Update llm_utils.py

david-thrower · web-flow · commit ec46b59c0d05 · 2026-01-01T01:22:35.000-05:00
Fix the SparsePerplexity.
diff --git a/cerebrosllmutils/llm_utils.py b/cerebrosllmutils/llm_utils.py
@@ -289,8 +289,11 @@ def reset_state(self):
 @tf.keras.utils.register_keras_serializable(package='cerebrosllmutils', name='SparsePerplexity')
 class SparsePerplexity(tf.keras.metrics.Metric):
     """
-    Computes perplexity, defined as e^(sparse categorical crossentropy).
-    Assumes y_true are integer labels (not one-hot encoded).
+    Computes perplexity for a batch of next-token predictions.
+    
+    Expects:
+        y_true: (Batch_Size,) - Integer labels (the actual next token).
+        y_pred: (Batch_Size, Vocab_Size) - Logits/Probabilities for the next token.
     """
 
     def __init__(self, name='perplexity', **kwargs):
@@ -299,35 +302,41 @@ def __init__(self, name='perplexity', **kwargs):
         self.count = self.add_weight(name='count', initializer='zeros')
 
     def update_state(self, y_true, y_pred, sample_weight=None):
+        # y_true shape: (Batch_Size,)
+        # y_pred shape: (Batch_Size, Vocab_Size)
+        
         # Calculate sparse categorical crossentropy
-        # This function expects y_true to be integers and y_pred to be probabilities/logits
-        crossentropy = tf.keras.losses.sparse_categorical_crossentropy(y_true, y_pred)
-
-        # Apply sample weighting if provided
+        # from_logits=True is safer for raw model outputs. 
+        # If your final layer is Softmax, change to False.
+        crossentropy = tf.keras.losses.sparse_categorical_crossentropy(
+            y_true, 
+            y_pred, 
+            from_logits=True
+        )
+        
+        # Handle sample weighting
         if sample_weight is not None:
-            # Ensure sample_weight is float32 for multiplication
             sample_weight = tf.cast(sample_weight, tf.float32)

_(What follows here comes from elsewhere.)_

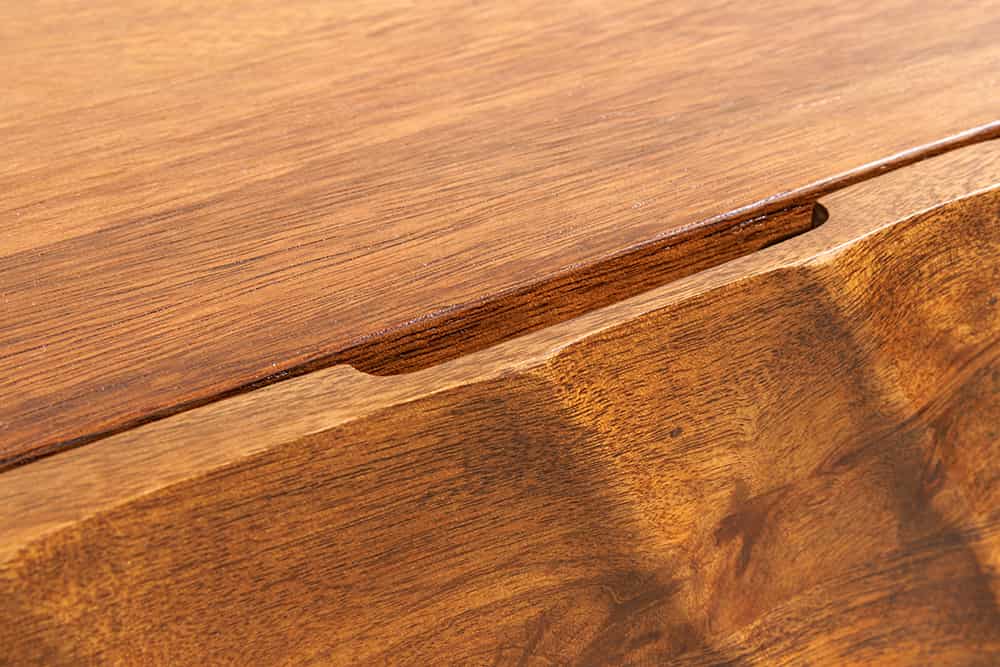 Massives Sideboard SCORPION 180cm braun hängend Mangoholz mit 3D Schnitzereien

             crossentropy = crossentropy * sample_weight
-            # If sample_weight is used, we sum the weights to get the correct average
             batch_weight_sum = tf.reduce_sum(sample_weight)
         else:
-            # If no sample_weight, the count is the batch size
+            # Count is the Batch Size
             batch_weight_sum = tf.cast(tf.shape(y_true)[0], dtype=tf.float32)
 
-        # Update the running sum of crossentropy and the count of samples
+        # Update the running sum of crossentropy
         self.total_crossentropy.assign_add(tf.reduce_sum(crossentropy))
+        
+        # Update the running count
         self.count.assign_add(batch_weight_sum)
 
     def result(self):
         # Compute the average crossentropy
-        # Avoid division by zero
         average_crossentropy = tf.math.divide_no_nan(self.total_crossentropy, self.count)
-
+        
         # Compute perplexity as e^(average crossentropy)
         return tf.exp(average_crossentropy)
 
     def reset_state(self):
-        # Reset the state variables
         self.total_crossentropy.assign(0.0)
         self.count.assign(0.0)